= ASSIGNMENT =
If a line in the entries below includes "Vintage", show that line.

(Saved data entries)

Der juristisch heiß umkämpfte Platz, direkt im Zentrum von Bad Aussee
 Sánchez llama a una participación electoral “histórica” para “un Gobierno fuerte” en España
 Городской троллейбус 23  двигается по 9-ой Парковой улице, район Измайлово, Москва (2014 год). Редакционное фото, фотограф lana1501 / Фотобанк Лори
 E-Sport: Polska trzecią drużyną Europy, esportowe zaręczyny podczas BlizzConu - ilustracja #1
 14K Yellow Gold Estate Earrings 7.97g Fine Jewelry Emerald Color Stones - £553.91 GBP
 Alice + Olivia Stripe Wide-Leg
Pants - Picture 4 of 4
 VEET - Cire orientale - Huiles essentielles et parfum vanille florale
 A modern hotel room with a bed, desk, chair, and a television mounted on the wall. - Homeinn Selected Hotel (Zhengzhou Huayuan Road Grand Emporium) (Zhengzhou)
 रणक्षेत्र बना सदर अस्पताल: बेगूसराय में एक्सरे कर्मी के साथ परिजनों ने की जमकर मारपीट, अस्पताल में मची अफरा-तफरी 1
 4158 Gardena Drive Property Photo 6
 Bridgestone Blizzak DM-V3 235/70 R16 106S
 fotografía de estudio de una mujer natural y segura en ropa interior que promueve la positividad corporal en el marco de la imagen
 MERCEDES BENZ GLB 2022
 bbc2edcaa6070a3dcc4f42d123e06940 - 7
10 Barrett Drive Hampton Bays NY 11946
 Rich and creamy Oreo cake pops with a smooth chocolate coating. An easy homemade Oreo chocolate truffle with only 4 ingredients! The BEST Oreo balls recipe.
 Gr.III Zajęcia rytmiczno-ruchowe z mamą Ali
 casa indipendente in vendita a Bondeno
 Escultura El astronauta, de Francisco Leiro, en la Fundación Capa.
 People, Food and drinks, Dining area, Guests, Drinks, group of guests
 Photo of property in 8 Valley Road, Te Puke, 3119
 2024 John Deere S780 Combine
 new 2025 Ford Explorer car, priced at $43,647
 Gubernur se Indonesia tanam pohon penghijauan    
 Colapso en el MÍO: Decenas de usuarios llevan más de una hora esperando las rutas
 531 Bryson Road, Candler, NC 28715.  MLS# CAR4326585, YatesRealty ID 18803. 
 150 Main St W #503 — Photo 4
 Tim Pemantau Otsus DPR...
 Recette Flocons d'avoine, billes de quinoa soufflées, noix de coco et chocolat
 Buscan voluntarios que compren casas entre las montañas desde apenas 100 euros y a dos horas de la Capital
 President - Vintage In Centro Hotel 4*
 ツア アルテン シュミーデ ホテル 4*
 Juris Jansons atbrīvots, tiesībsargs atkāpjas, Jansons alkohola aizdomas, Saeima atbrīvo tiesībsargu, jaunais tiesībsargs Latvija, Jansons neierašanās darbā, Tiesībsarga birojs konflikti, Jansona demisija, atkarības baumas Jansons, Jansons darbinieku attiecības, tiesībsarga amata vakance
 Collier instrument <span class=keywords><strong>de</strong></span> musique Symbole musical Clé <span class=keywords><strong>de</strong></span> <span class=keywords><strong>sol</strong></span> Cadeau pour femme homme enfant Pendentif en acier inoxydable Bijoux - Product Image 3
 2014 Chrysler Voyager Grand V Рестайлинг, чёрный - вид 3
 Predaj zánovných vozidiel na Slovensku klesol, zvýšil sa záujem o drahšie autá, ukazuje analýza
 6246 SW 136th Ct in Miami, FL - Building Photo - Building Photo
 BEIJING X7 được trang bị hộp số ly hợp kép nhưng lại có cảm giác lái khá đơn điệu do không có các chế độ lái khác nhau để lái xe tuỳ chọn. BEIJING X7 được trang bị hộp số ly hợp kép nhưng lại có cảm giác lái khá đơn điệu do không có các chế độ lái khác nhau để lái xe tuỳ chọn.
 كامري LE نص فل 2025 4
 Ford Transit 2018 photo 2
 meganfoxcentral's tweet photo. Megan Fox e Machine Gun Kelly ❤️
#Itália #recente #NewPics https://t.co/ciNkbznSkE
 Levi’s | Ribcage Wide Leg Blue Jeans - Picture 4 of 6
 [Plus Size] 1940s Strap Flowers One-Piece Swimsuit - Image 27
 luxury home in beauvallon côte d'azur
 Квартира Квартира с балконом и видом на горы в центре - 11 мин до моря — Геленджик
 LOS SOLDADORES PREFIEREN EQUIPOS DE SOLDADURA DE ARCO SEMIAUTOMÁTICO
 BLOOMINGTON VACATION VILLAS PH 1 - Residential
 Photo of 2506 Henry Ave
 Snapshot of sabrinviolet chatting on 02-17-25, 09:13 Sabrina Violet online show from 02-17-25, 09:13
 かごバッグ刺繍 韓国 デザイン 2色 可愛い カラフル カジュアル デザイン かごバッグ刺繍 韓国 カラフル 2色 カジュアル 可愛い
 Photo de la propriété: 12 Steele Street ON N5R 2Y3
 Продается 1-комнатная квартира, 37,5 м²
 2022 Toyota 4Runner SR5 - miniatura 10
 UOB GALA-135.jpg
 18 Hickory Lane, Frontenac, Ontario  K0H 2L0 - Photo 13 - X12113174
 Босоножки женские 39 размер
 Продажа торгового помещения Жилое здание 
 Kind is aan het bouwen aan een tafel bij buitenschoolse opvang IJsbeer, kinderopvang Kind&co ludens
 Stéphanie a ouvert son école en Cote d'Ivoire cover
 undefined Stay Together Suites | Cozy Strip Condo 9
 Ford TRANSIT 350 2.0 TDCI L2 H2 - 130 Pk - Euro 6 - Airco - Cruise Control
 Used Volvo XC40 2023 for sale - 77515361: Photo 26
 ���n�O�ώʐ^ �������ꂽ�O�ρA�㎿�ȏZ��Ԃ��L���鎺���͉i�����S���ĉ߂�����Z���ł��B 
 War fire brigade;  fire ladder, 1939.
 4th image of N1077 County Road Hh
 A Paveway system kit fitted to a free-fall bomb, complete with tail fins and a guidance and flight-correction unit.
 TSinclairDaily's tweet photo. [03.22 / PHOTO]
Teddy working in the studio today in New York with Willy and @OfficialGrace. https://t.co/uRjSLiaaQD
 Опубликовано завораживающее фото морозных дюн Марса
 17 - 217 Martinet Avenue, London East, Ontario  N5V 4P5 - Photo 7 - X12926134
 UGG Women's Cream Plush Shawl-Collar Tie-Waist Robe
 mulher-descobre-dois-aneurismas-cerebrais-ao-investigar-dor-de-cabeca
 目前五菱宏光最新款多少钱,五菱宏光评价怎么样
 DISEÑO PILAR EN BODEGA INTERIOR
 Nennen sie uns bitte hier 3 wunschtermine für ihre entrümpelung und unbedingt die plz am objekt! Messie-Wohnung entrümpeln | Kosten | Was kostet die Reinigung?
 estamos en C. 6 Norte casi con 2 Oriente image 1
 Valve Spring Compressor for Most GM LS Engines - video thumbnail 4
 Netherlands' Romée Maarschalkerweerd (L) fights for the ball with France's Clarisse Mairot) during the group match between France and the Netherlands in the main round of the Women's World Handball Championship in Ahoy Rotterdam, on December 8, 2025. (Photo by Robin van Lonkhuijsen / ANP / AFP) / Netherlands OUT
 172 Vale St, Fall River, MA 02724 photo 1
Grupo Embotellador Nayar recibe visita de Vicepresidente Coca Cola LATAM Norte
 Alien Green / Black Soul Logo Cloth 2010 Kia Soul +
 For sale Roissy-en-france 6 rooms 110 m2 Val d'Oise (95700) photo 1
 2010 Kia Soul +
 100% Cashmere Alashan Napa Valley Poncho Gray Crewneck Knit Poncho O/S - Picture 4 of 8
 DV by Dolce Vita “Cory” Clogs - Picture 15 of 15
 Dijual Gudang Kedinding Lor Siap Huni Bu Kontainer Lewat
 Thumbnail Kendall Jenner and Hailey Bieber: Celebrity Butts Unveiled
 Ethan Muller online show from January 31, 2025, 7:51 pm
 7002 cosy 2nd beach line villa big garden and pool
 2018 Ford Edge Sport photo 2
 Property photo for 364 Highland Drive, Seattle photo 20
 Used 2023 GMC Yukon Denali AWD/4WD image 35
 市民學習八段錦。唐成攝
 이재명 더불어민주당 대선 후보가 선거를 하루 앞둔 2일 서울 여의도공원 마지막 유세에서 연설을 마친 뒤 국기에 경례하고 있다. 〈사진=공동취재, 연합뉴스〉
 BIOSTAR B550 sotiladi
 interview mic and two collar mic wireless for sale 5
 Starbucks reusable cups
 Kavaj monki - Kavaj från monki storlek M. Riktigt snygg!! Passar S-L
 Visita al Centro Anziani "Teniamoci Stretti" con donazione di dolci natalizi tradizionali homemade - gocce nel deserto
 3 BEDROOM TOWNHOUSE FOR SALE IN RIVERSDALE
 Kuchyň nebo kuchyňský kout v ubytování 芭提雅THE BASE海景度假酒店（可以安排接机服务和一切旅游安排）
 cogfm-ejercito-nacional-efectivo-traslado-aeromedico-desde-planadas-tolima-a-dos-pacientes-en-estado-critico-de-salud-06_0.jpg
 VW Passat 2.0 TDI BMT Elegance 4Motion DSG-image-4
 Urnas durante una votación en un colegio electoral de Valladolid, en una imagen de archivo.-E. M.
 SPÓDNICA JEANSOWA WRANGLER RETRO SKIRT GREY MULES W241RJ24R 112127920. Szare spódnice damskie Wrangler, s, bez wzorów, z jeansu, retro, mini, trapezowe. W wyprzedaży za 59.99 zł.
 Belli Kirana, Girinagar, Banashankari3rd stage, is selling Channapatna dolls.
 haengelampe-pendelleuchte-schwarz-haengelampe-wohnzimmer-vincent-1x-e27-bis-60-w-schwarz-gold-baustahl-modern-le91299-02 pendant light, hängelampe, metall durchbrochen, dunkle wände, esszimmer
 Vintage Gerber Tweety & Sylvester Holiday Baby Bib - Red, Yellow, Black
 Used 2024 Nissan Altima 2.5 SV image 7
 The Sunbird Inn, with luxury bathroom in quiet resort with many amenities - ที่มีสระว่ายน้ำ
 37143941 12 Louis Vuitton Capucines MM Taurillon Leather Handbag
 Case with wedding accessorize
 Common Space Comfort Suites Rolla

= REPLY TO THE TASK =
 President - Vintage In Centro Hotel 4*
 Vintage Gerber Tweety & Sylvester Holiday Baby Bib - Red, Yellow, Black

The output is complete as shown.